Principle vs. Pleasure

Thomas Jackson said, “I like liquor—its taste and its effects–and that is just the reason why I never drink it.”

For Jackson, the pleasure of drinking felt dangerous, so to protect himself he never drank. The principle in question is the principle of love. Recovery means replacing pleasure to treat pain with love to manage pain. Savor pleasure when it comes, but don’t use it to manage pain.

Addicting out of desire is a disguised form of relief from pain. Why would you feel a compulsion for destructive pleasure if you felt fulfilled? You may say to yourself you addict for fun. Really, life feels boring, tedious, or unfulfilling, or you otherwise feel a vague “dis-ease” or lack in your life.

It is not to say that pleasure is a bad thing. Everyone engages in pleasurable activities like playing, eating, or having sex. If these activities enhance your life, or at least harm no one, then pleasure for pleasure’s sake is not a problem. Pleasure is actually a gift. Pleasure is one way the Universe rewards us for right action.

Renounce pursuing pleasure to manage pain, however. If you are living life correctly, including enjoying the moment-by-moment experience of existence, then pleasure will be abundant—you need not seek it through addiction to relieve your pain. There are other pain management solutions other than addicting.

Many people can have an occasional drink or drug, enjoy themselves, and go on with their lives with no compulsion to continue using and with no adverse consequences. They lack addictive vulnerability to these substances. It is only when a compulsion arises to pursue pleasure to manage pain to the detriment of yourself and others that you violate the principle of love. Putting the pursuit of pleasure before self-love causes tremendous suffering for yourself and others. It creates a warehouse of regrets. In the end, you will not look back and savor how many times you addicted.

To commit yourself to the principle of love over pleasure requires that you surrender to the dictates of your conscience.
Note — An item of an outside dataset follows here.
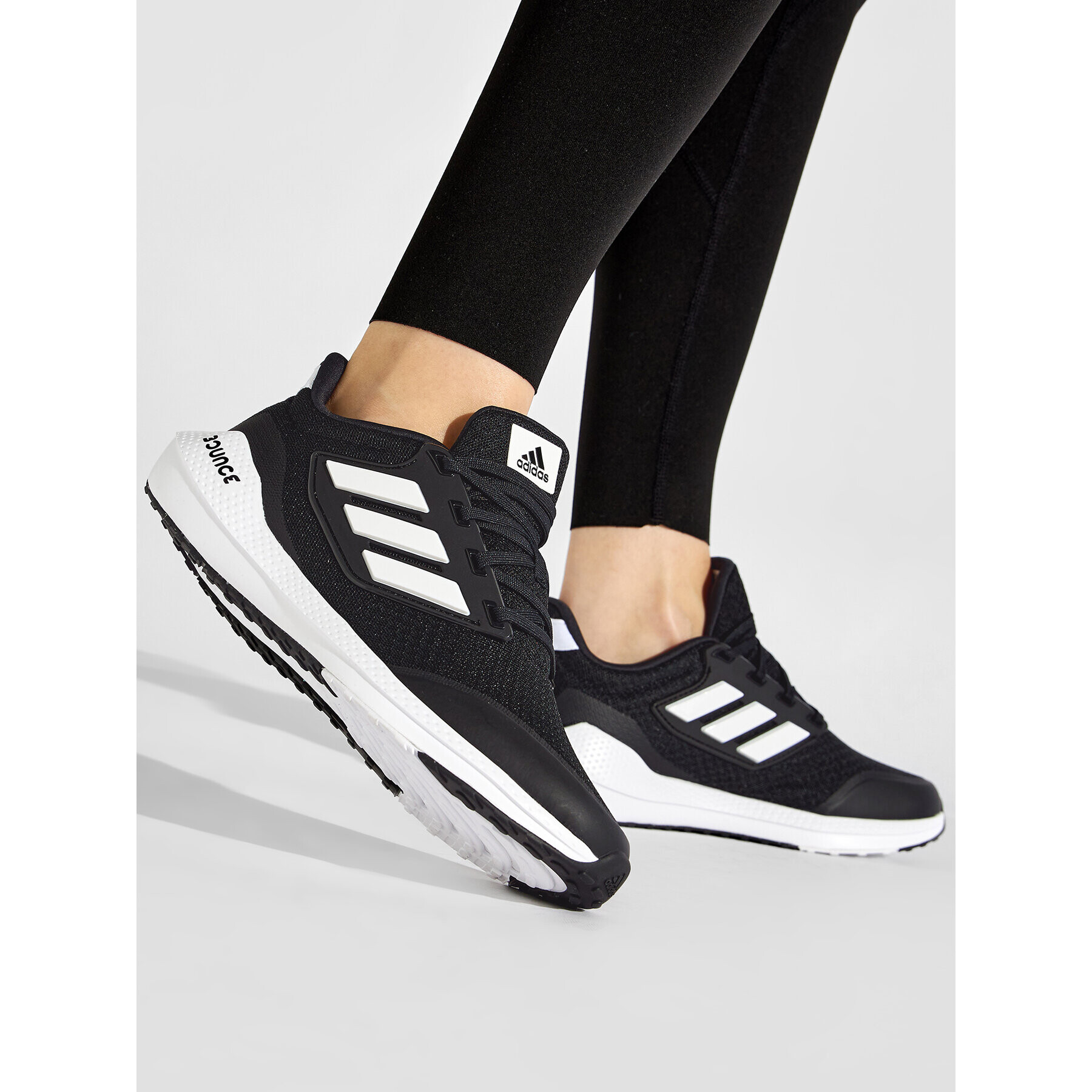 adidas Обувки Eq21 Run 2.0 J GY4354 Черен - Pepit.bg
When you are in pain or distress, ask yourself, “What would Love do?” Then listen to the silent wisdom of your conscience. Have the courage to do what you know to be best for you and others. The quality of your recovery is proportional to your submission of your will to your conscience. When you submit, you win. You don’t have to like it. Just do it. Commit to doing the next right thing out of love for yourself and others for a lifetime.

Francis C. Kelley said, “Convictions are the mainsprings of action, the driving powers of life. What a man lives are his convictions.” Make love your conviction as your way of living and managing pain. The principle of love over pleasure requires that you free yourself from yourself. When your pursuit of pleasure to manage pain at all costs enslaves you, you suffer from the karmic consequences of your destructive behavior. Put love before pleasure in managing pain. Your recovery will flourish with love as your guide.